Working With Data in Python

Table of Contents

1. Working with Data in Python

For a long time data handling and graph production in python lagged behind that of R. Data were collected in comma or tab separated (CSV) formats or often in pickle files. Pickled data was textual data converted to a binary representation and had to be converted back to be read. These issues made it harder to use python in an interactive and interpreted environment for data analysis and many workers in psychology would collect their data with experiments coded in python (or other languages), and then use R as the language for statistical testing.

However, over the last few years the scientific python community has expanded its options for both graphing and data handling markedly, and working entirely in python is increasingly a viable option. The most widely used python library for handling data is Pandas. In many respects it has a similar look and feel to the data.frame style of data analysis used in R. However, there are definite syntactic and implementation differences. While a familiarity with R and data.frames is a good base for beginning to use Pandas there will remain a lot of concrete specfics to learn to use python effectively. In this topic a few of the pandas basics are demonstrated. In addition to the illustrations here, there are numerous online tutorials and blogs that explain pandas in more detail, and with many more examples.

Ia : Intro to Using Pandas (i2c4p) from Britt Anderson on Vimeo.

This module gives an overview of using python to request data via the internet; unzip a data file; and load that data into python with pandas for exploratory analysis.

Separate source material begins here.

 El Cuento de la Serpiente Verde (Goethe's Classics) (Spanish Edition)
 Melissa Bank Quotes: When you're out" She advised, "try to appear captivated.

1.1. Some additional sources

1.1.1. Pandas Books

1.2. Data handling in Python

Ib : Installing Pandas (i2c4p) from Britt Anderson on Vimeo.

There are several methods for installing Pandas. In this video I demonstrate one of the: using pip

1.2.1. Pandas

How to get Pandas?

  1. Anaconda (Conda) - you will see this in a lot of documentation. This is a collection of packages for python that are curated to work well together and allow you to set up virtual environments (which protects your projects and their differing requirements from leading to conflicts with each other). Using conda is not hard, but it is another tool, and it has its own learning curve, so it will not be used here. If you find yourself using python regularly and you are comfortable with how to install and use software and packages then I encourage you to read more about Anaconda and decided if it is a python solution that will work for you.
  2. Xubuntu stable sudo apt-get install python3-pandas.
  3. Pip (PyPI) pip3 install pandas

To try and get all our python packages from one source (and thereby reduce our chance for conflicts) we will use the pip method as that will work well with our subsequent installation of the psychopy package.

1.2.2. Interactive Pandas

Python is an interpreted language. You can use Python from an interpreter much as you used R in an R console (or RStudio).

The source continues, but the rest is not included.